Recently, my sister and her husband traveled to Colombia to adopt their new son. Serendipitously, their adoption matched up with our dear friends’ who are also adopting from the same country. In fact, both families traveled at exactly the same time and are each still in-country waiting for their respective adoptions to finalize. Exciting, right? It is. Super.

As I have followed their stories and Facebook posts over the past couple of weeks, I’ve been catapulted into my personal past. To an adoption of four Colombian siblings nearly 10 years ago. I can smell it. Taste it. Touch it. The days were long as we adjusted to our new life together. Bonding, language barriers, and pre-molded personalities took constant time and attention, especially the first two months home. Magical moments were there though, in the longness of the days.

Our friends and family were the ones that helped make those first weeks and months bearable. Their acts of kindness and support meant so much and made our adjustment period simply doable! Do you have a friend or family member adopting soon? Maybe they are already adopting or just came home with their new little one(s). Maybe you know someone that is considering adoption in the future. Let me share 6 ways you can offer your love and support in tangible, meaningful ways:

  1. Throw an Adoption Celebration. Yes, do this! If there is just one thing you do for an adoptive family, it should be this. It doesn’t matter if the child is a newborn or turning 15. Adoptive families already feel like a giant, school of fish out of water, especially those who are adopting a non-newborn. An adoption celebration helps the parents feel your love and acceptance and also helps the new child feel special and included. When our family threw an adoption shower for our first adoption, we felt the full love and support of everyone in our extended circle of influence. And it was super fun. I mean who doesn’t want to register for a family tent and Wii games?!? If you cant throw a party or someone has already taken that job, put Welcome Home signs in their yard, send them a card of congratulations, have your children drop a token of friendship off to the new children. Big or small, do something to celebrate the beauty of adoption.
  2. Meals. Meals. Meals.

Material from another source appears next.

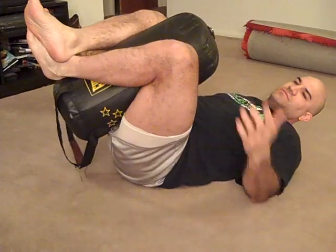Grab it, go ahead and lock it up. You can do squeezes — just squeeze with your knees. You can do that for time. Squeeze as hard as you want.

Yeah, I know, the mom did not just come home from the hospital and she is not physically recovering from birthing a child. No, no, she is actually dealing with much harder things. A new, adoptive mom is busy integrating awkward, little people (and sometimes not so little) with all of their emotions and demands into an existing family structure. She’s also busy finding services, setting up appointments, registering for school, scouts, activities, etc. It’s kind of a lot and the last thing she is thinking about is eating or feeding her family. Whether you bring in fresh meals, bring over freezer meals for the future, or invite the family to eat at your house, they are not only a loving gesture of support, but they are also very needed for most new parents.
  3. Stock the Pantry. Can you imagine the new adoptive parents coming home from a long trip to another country with new children in tow? All they want to do at that point is sleep, hug their kiddos, and sleep some more. With our adoption, our friends had completely stocked our pantry the day we arrived home. We had milk, cereal, bread, fruit, and veggies packed in our fridge and pantry. I didn’t care about brands or types or even the level of healthiness, I was just so grateful to not have to go to the grocery store for a week. It was the kindest act of love and actually made a huge difference those first few days home.
  4. Make Yourself Available. Sometimes the new kids adjust easily. Sometimes they have a rough time. New moms and dads can be just as tired as when they are juggling 3:00 a.m. feedings. Taking over carpool for a few days, teaching a friend’s Sunday School class for a couple of weeks, or just letting the family know that you can pick up the slack with anything for a little while is another amazing way that you can support adoption.
  5. Don’t be Weird. Seriously! Be normal. An adoptive family’s life might be crazy for a short time while they adjust, but the biggest thing they need is to feel normal. If you leave them alone or stop inviting or act weird around the new kids, well, that’s exactly the opposite of supporting someone so just don’t do it. These kids aren’t going anywhere and they need love and support from their entire, new village. They don’t have cooties. They aren’t going to hurt your children. They are just normal kids who have lived a not-so-normal life and need others to help them understand what normal is. Their parents will let you know if an invite is too soon. It never was for us. We were so anxious to integrate the kids and have our friends fall head over heals for them. And they did. Quickly.
  6. Give Grace. Some adoptive parents may have rules or new ways of parenting that you have never seen before. They may be dealing with issues such as food hoarding, PTSD, indiscriminate attachment, etc. This means that they may not allow their children hug you or may not allow them to have certain foods. They may not let them play alone with your children right away. And the list goes on. This is not weird. This does not mean the children are bad. It only means they are learning boundaries where there may never have been none. They may be learning to love and attach for the first time. These are monumental tasks that come naturally to newborns, but are learned skills for anyone who was deprived early on. What can you do? Support new rules. Ask permission to direct the children or to help feed them etc? Sometimes it’s not a thing at all. When in doubt, ask! And as the new family learns as they go, show them copious amounts of grace.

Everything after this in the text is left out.